75-year-old gentleman past medical history significant for DM TYPE 2, recent diagnosis of multiple myeloma. He was started on chemotherapy with CyBorD regimen. On admission to the hospital he was noticed to have complains of fever temperature of 101.5 degrees Fahrenheit, leukocytosis, chills,. He was started on empiric IV antibiotic therapy with cefepime n. His absolute neutrophil count was 232 /microL. . Patient continued to persistent fever on day 5.. patient was started on non-liposomal preparation of amphotericin B.
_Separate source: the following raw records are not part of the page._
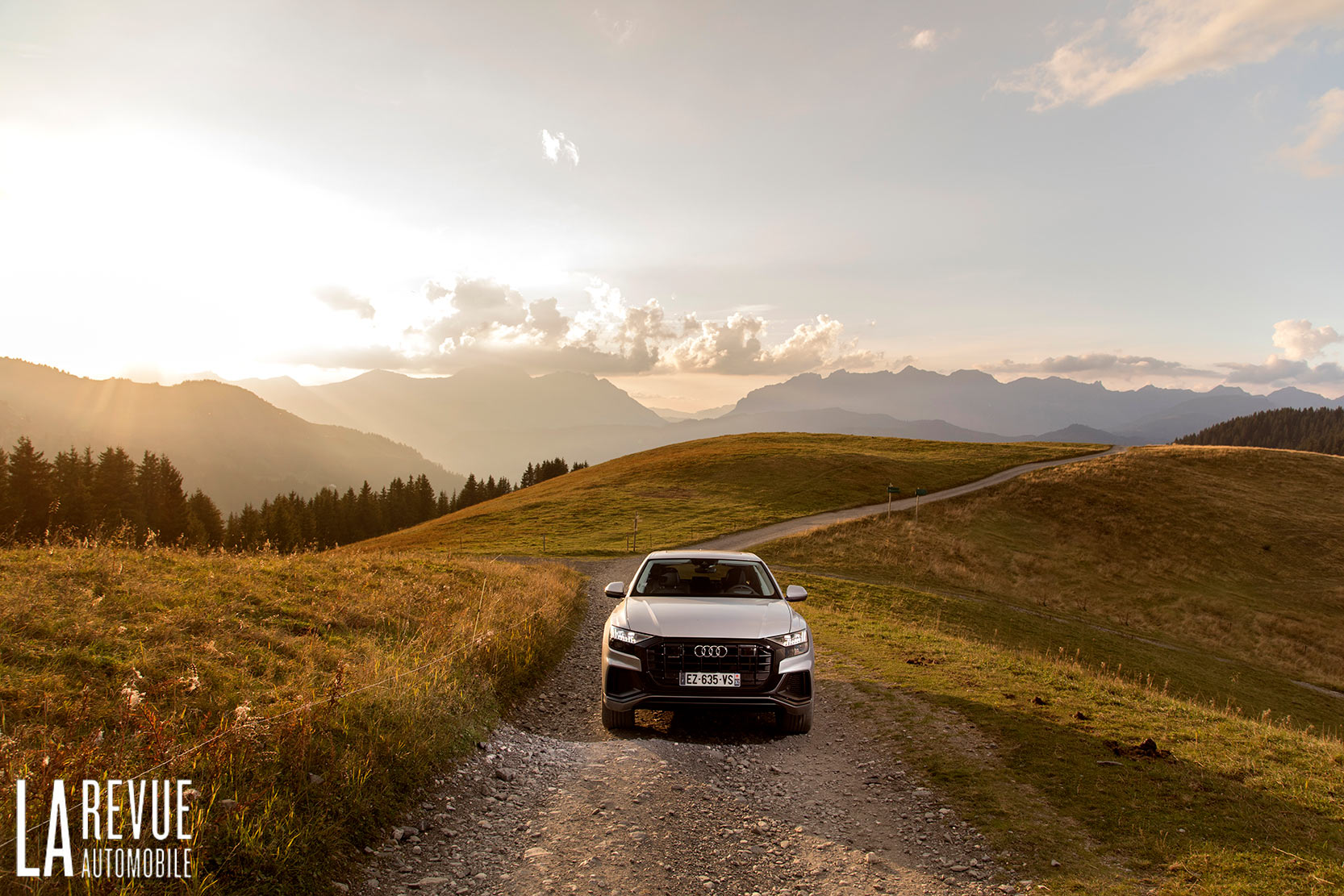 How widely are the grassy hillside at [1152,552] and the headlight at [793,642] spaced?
21869 millimetres

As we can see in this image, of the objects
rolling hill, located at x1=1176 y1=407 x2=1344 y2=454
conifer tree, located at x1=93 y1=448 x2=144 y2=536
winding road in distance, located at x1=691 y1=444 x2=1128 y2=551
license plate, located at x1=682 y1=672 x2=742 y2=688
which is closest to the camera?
license plate, located at x1=682 y1=672 x2=742 y2=688

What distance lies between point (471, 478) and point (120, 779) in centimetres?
10820

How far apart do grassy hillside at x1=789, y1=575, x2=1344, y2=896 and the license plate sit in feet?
7.14

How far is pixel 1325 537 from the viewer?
4134 cm

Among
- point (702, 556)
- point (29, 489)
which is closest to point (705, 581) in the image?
point (702, 556)

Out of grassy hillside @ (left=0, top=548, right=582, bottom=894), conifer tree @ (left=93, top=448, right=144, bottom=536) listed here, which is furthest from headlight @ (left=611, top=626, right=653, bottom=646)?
conifer tree @ (left=93, top=448, right=144, bottom=536)

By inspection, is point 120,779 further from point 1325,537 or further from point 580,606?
point 1325,537

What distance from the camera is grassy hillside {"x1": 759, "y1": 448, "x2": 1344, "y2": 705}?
2922 cm

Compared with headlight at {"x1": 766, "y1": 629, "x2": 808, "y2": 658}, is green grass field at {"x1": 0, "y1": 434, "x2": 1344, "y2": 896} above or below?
below

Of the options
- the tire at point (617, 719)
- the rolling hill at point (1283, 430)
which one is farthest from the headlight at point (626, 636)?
the rolling hill at point (1283, 430)

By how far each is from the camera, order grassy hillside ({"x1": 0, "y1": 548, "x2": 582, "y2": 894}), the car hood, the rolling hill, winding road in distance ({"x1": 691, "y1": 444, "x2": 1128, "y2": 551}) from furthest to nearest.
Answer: the rolling hill
winding road in distance ({"x1": 691, "y1": 444, "x2": 1128, "y2": 551})
the car hood
grassy hillside ({"x1": 0, "y1": 548, "x2": 582, "y2": 894})

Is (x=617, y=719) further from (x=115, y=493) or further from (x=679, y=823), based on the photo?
(x=115, y=493)

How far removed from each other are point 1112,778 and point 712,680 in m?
4.28

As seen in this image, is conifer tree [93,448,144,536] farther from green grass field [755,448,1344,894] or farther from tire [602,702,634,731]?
tire [602,702,634,731] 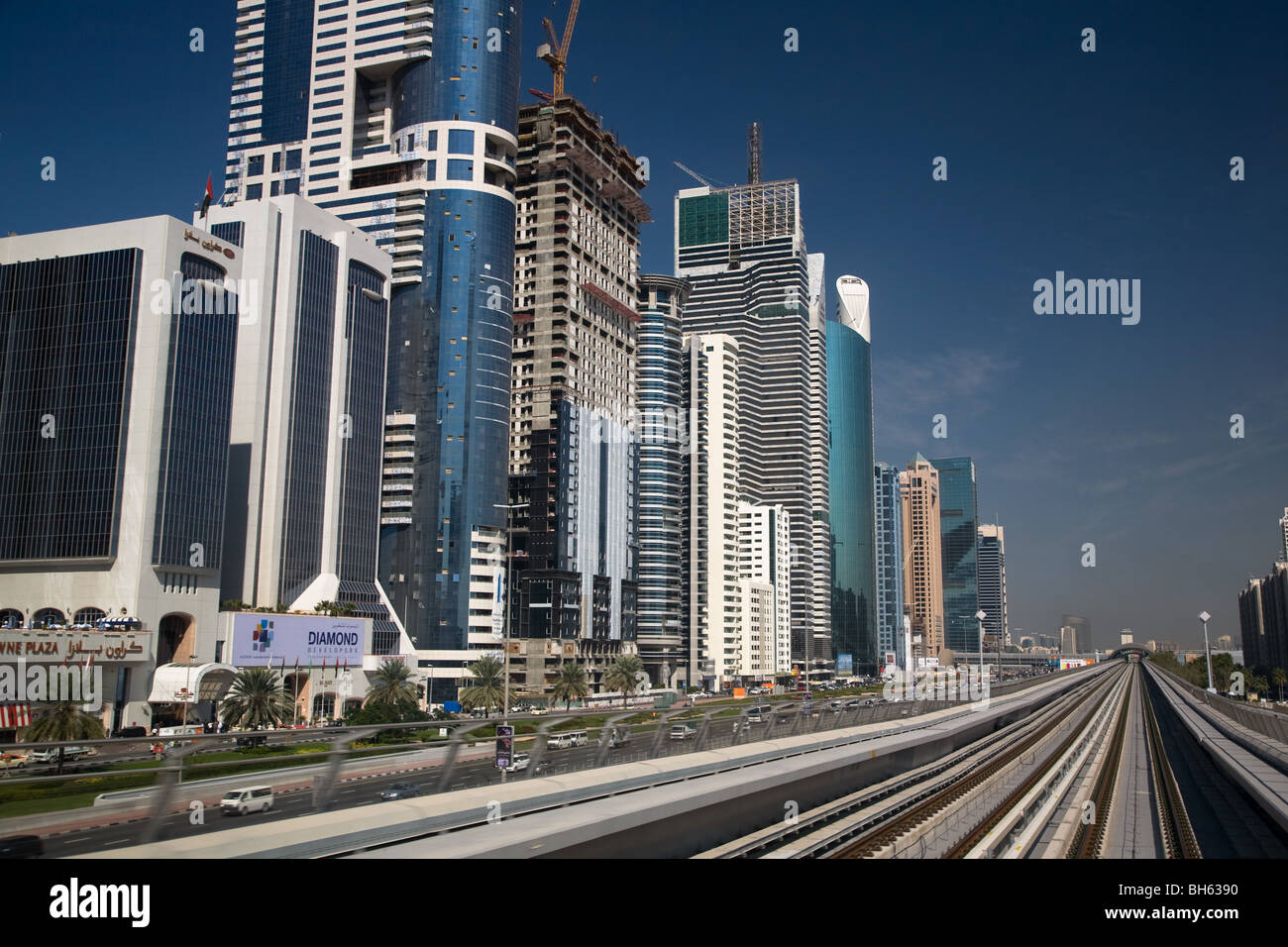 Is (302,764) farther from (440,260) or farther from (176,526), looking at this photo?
(440,260)

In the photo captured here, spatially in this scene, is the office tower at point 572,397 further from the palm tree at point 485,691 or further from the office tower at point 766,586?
the office tower at point 766,586

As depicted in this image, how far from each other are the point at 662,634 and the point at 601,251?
→ 4654 cm

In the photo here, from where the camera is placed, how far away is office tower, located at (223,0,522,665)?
3492 inches

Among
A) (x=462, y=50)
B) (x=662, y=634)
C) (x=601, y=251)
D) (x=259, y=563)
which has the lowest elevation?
(x=662, y=634)

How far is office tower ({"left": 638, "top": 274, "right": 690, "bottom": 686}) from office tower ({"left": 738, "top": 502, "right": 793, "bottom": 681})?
59.8 ft

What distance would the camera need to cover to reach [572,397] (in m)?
99.6

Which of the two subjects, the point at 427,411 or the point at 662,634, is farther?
the point at 662,634

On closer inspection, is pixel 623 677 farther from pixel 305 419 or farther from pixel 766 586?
pixel 766 586

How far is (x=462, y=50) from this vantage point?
94875 mm

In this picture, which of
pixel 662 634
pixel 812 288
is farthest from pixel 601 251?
pixel 812 288

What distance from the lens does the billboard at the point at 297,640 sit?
2611 inches

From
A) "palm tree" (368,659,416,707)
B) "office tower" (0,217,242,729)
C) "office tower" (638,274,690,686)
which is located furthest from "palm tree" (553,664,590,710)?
"office tower" (638,274,690,686)

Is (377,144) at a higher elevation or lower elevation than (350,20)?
lower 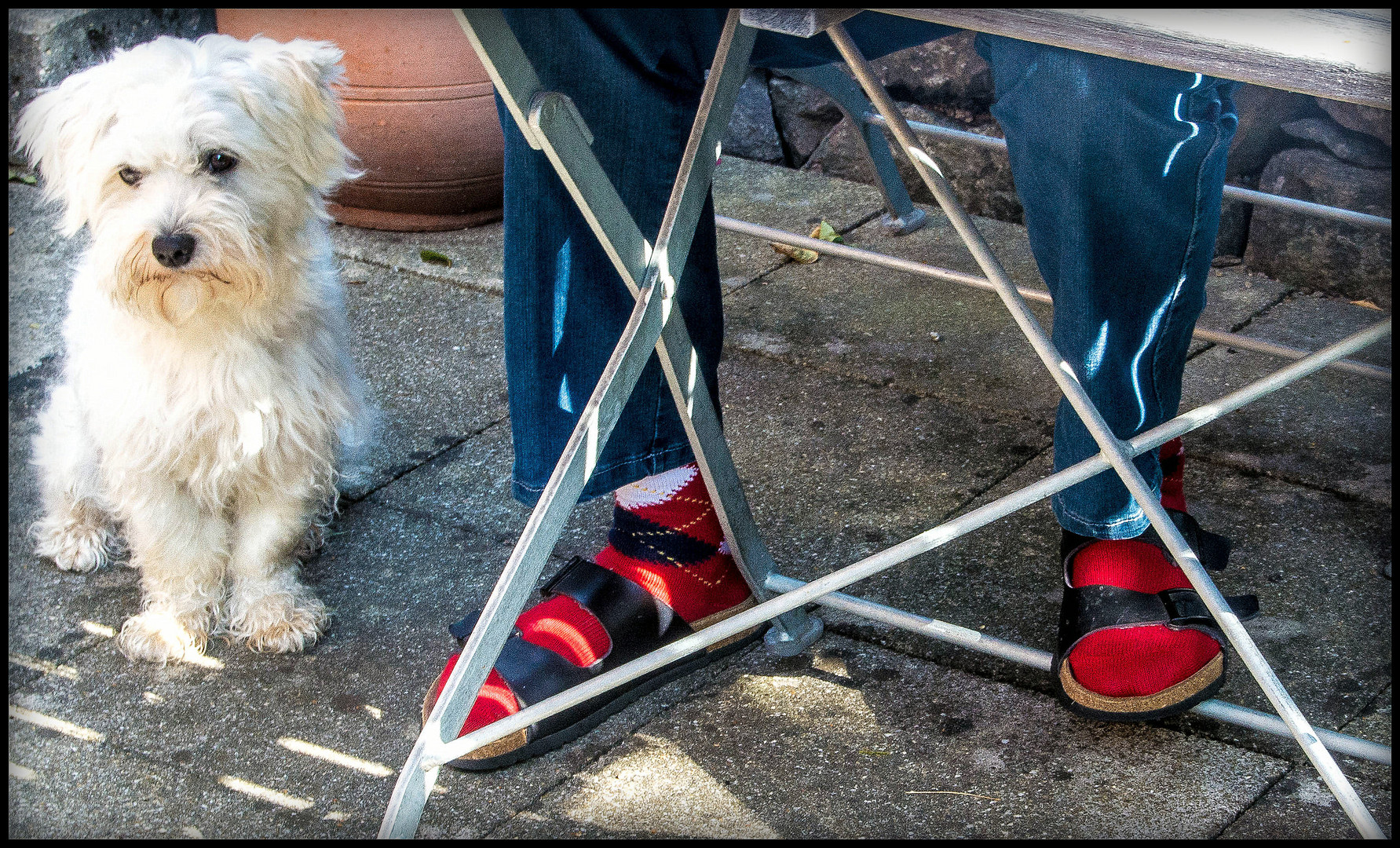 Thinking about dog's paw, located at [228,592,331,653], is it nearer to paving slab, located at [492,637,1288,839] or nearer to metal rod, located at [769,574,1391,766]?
paving slab, located at [492,637,1288,839]

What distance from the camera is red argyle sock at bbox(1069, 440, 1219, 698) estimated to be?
1.81 m

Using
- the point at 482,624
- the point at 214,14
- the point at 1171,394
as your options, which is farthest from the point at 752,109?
the point at 482,624

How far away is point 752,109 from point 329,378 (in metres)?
2.40

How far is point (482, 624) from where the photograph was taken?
5.11 ft

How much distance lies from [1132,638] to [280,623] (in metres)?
1.44

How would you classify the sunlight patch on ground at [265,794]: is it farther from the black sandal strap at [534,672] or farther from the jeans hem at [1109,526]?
the jeans hem at [1109,526]

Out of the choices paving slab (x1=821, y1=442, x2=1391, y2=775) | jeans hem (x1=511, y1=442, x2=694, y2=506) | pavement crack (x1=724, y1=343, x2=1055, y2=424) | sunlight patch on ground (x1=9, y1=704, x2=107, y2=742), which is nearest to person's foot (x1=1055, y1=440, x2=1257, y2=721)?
paving slab (x1=821, y1=442, x2=1391, y2=775)

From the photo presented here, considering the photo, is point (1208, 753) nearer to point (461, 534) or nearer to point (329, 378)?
point (461, 534)

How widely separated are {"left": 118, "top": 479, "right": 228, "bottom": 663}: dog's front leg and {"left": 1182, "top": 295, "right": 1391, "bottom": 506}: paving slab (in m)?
2.02

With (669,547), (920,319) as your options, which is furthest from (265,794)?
(920,319)

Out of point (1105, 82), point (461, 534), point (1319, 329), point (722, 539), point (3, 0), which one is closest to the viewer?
point (1105, 82)

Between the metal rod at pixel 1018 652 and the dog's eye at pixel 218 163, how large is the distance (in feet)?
3.73

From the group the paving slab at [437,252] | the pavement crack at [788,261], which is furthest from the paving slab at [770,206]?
the paving slab at [437,252]

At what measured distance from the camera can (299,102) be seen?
216cm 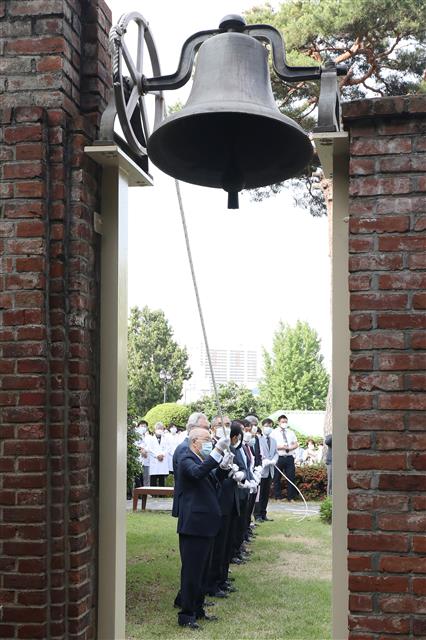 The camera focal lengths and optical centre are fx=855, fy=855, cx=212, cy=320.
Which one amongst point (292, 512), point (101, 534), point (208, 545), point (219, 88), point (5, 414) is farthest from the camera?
point (292, 512)

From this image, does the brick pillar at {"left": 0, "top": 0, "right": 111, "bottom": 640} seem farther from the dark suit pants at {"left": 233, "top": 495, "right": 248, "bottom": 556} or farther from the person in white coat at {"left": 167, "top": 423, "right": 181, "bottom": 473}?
the person in white coat at {"left": 167, "top": 423, "right": 181, "bottom": 473}

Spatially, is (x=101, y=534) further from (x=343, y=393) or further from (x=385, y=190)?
(x=385, y=190)

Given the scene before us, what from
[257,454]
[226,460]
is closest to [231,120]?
[226,460]

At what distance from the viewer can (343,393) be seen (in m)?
3.72

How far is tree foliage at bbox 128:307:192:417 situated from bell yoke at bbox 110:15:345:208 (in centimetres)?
5440

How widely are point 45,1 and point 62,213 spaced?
3.30 ft

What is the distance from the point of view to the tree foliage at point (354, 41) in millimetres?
16062

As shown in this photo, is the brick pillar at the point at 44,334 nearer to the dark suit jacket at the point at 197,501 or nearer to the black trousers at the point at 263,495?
the dark suit jacket at the point at 197,501

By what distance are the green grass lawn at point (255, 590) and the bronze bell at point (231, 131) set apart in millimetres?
5135

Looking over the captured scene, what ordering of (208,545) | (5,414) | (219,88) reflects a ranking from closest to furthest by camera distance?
(219,88) → (5,414) → (208,545)

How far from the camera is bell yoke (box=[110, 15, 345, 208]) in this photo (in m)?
3.52

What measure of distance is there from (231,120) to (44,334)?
4.27ft

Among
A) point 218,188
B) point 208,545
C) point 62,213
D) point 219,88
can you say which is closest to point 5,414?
point 62,213

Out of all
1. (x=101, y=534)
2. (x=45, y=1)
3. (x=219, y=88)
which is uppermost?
(x=45, y=1) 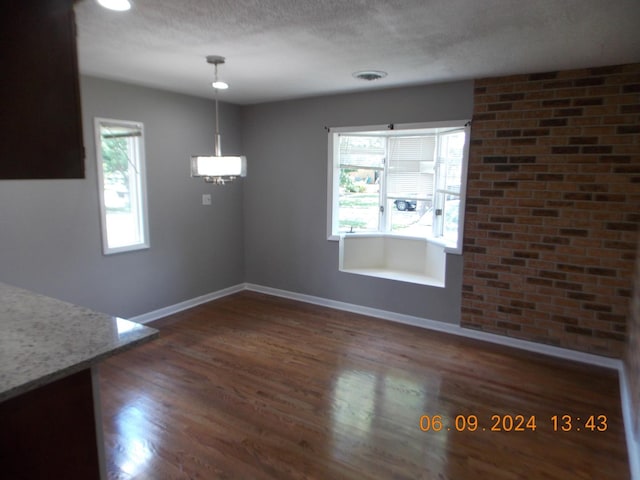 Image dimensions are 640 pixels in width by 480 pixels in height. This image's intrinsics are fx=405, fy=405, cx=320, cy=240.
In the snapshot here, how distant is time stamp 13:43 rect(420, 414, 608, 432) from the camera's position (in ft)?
7.95

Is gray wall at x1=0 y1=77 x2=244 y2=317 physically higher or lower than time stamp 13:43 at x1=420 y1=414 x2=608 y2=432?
higher

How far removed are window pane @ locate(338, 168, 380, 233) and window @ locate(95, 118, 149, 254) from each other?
2.08 m

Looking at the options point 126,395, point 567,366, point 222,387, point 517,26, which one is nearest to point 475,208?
point 567,366

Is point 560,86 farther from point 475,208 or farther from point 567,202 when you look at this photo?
point 475,208

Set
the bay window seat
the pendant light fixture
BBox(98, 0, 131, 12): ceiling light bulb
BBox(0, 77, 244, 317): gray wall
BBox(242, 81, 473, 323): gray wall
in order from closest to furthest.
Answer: BBox(98, 0, 131, 12): ceiling light bulb, the pendant light fixture, BBox(0, 77, 244, 317): gray wall, BBox(242, 81, 473, 323): gray wall, the bay window seat

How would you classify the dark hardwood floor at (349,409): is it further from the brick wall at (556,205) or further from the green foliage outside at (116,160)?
the green foliage outside at (116,160)

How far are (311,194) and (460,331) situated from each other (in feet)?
6.91

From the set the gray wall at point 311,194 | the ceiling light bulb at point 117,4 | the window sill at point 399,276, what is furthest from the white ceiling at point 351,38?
the window sill at point 399,276

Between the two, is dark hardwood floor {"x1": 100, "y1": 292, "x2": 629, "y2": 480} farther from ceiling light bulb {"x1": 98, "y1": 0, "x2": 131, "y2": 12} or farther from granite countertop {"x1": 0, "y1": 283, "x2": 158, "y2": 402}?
ceiling light bulb {"x1": 98, "y1": 0, "x2": 131, "y2": 12}

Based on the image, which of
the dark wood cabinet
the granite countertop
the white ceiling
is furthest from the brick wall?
the dark wood cabinet

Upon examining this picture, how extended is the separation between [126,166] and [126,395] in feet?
6.98

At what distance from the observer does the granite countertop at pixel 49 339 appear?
120cm

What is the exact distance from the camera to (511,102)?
11.0 feet

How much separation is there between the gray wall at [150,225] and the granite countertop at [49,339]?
4.97 feet
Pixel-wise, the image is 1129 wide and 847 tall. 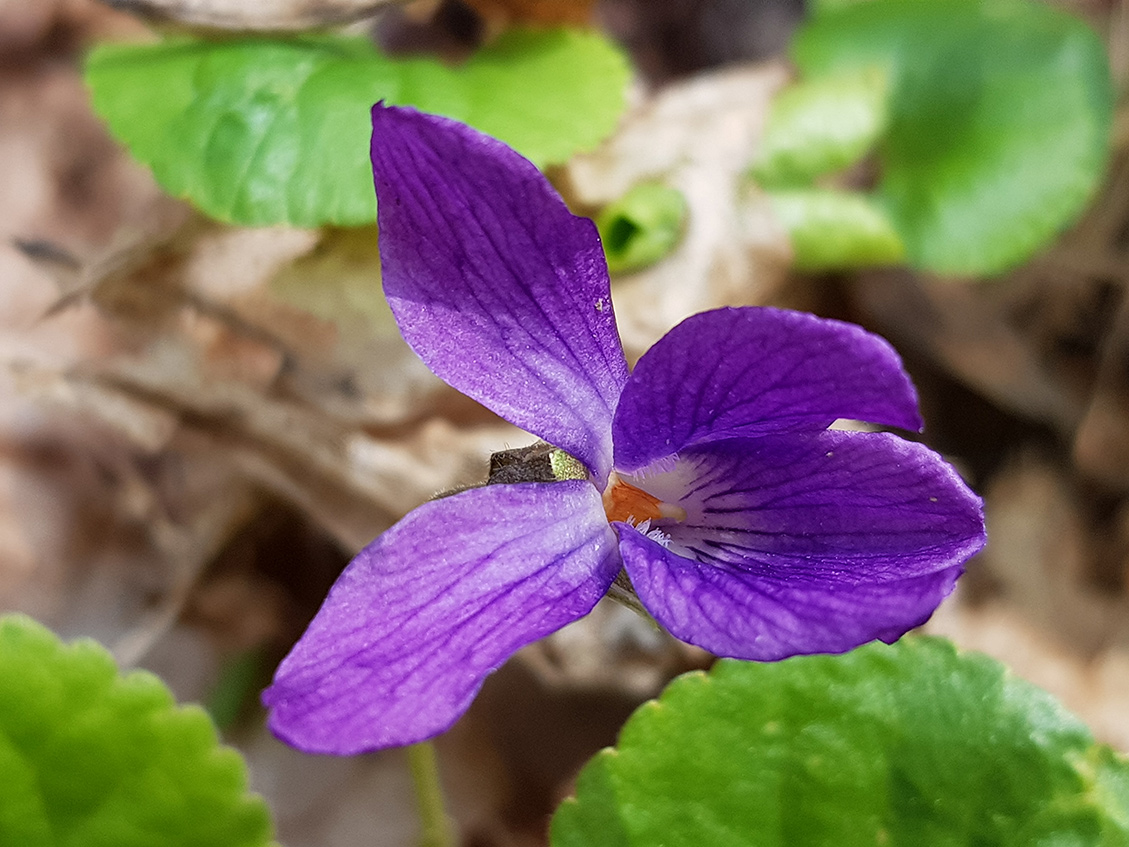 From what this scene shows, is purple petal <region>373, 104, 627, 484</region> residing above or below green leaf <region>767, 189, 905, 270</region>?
above

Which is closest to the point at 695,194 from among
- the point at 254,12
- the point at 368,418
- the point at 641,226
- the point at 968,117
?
the point at 641,226

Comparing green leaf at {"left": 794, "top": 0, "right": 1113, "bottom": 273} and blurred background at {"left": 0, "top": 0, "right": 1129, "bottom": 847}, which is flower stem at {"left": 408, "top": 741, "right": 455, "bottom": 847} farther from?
green leaf at {"left": 794, "top": 0, "right": 1113, "bottom": 273}

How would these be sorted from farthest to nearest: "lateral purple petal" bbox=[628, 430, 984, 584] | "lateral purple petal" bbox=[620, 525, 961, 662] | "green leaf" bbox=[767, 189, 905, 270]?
1. "green leaf" bbox=[767, 189, 905, 270]
2. "lateral purple petal" bbox=[628, 430, 984, 584]
3. "lateral purple petal" bbox=[620, 525, 961, 662]

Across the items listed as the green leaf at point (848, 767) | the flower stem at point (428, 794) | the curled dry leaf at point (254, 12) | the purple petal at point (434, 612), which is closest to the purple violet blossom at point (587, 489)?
the purple petal at point (434, 612)

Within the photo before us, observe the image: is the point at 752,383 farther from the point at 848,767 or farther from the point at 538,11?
the point at 538,11

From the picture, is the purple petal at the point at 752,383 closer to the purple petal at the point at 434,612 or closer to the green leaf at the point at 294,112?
the purple petal at the point at 434,612

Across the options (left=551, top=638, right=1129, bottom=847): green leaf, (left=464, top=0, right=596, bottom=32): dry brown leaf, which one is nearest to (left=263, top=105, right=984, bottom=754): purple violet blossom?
(left=551, top=638, right=1129, bottom=847): green leaf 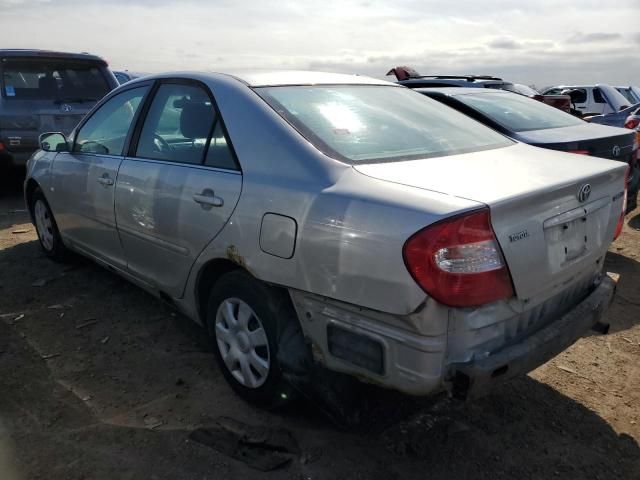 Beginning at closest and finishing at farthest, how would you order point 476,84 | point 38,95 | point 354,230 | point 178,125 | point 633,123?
1. point 354,230
2. point 178,125
3. point 38,95
4. point 476,84
5. point 633,123

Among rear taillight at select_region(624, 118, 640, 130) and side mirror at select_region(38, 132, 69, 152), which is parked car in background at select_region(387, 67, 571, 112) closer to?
rear taillight at select_region(624, 118, 640, 130)

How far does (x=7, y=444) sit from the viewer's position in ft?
8.52

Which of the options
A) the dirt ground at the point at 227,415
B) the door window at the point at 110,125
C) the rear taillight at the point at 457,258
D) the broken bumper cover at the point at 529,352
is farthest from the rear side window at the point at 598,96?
the rear taillight at the point at 457,258

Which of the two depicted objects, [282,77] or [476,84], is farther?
[476,84]

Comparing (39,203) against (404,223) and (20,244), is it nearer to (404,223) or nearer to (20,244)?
(20,244)

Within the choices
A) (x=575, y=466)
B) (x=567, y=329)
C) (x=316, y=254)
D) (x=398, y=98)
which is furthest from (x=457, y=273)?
(x=398, y=98)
Vital signs showed blood pressure 125/78, respiration of 16 pulse 75
on exam he was drowsy with AMS barely arousable. MRI brain shows revealed a 3.1 X 2.6 X 3.6 cm lobulated mass in left lateral ventricle trigone

Lab results reviewed showed
Sodium 155, chloride 124, potassium 3.5, magnesium 1.6 BUN 125, creation 4.4, bicarbonate of 16, calcium 11.2
PTH 45 pg/mL
24-hour urine potassium was 45 mEq/day
24-hour urine magnesium was 85 mg/day
Urine osmolality 150 mOsm/L
Urine output in 24 hours 5 L/day

Following a desmopressin challenge as per standard protocols, a dose of 10 μg of desmopressin was administered intranasally thrice daily. Subsequently, the patient’s blood serum sodium levels gradually fell from 155 mEq/L to 153 mEq/. His urinary output decreased to 4.5 L/day and then 4.3 L/day, respectively after the administration of desmopressin.

Which is the most likely reason for patients polyuria ?

Explanation:

A. Patient most likely has amphotericin B induced nephrotoxicity due to use of nonliposomal preparation. Amphotericin can cause acute kidney injury both due to direct toxic effect on renal tubules and also also from renal vasoconstriction due to direct effect of amphotericin B on renal vasculature and from acute tubular glomerular feedback mediated by increased sodium entry into juxtaglomerular cells mediated by increased ion permeability induced by enhanced membrane permeability due to Amphotericin.

Amphotericin also causes increased urinary potassium wasting, hypokalemia, increased urinary magnesium wasting and low serum magnesium levels, type 1, distal RTA. It also causes polyuria due to to nephrogenic diabetes by increasing resistance to ADH hormone. Hypokalemia induced by amphotericin can also cause nephrogenic diabetes insipidus by causing adh hormone resistance

 

B. B. Osmolar diuresis from high BUN is associated with increased urine osmolality. However patient urine osmolality is low in the 100 mOsm/L range and does not explain polyuria. He also has acute kidney injury decreasing glomerular filtration making it less likely to have polyuria.

C. Metastatic CNS-posterior pituitary lesions from myeloma can cause central diabetes insipidus.MRI of the brain revealed a 3.1 X 2.6 X 3.6 cm lobulated mass in left lateral ventricle trigone Which is not associated with ADH deficiency. Lack of response to desmopressin challenge also makes central diabetes insipidus less likely.

D. Patient’s hypercalcemia is very mild and does not explain this to polyuria. Hypercalcemia can cause decreased sodium chloride reabsorption in the ascending limb of the renal tubules decrease in medullary osmotic gradient making ADH hormone ineffective.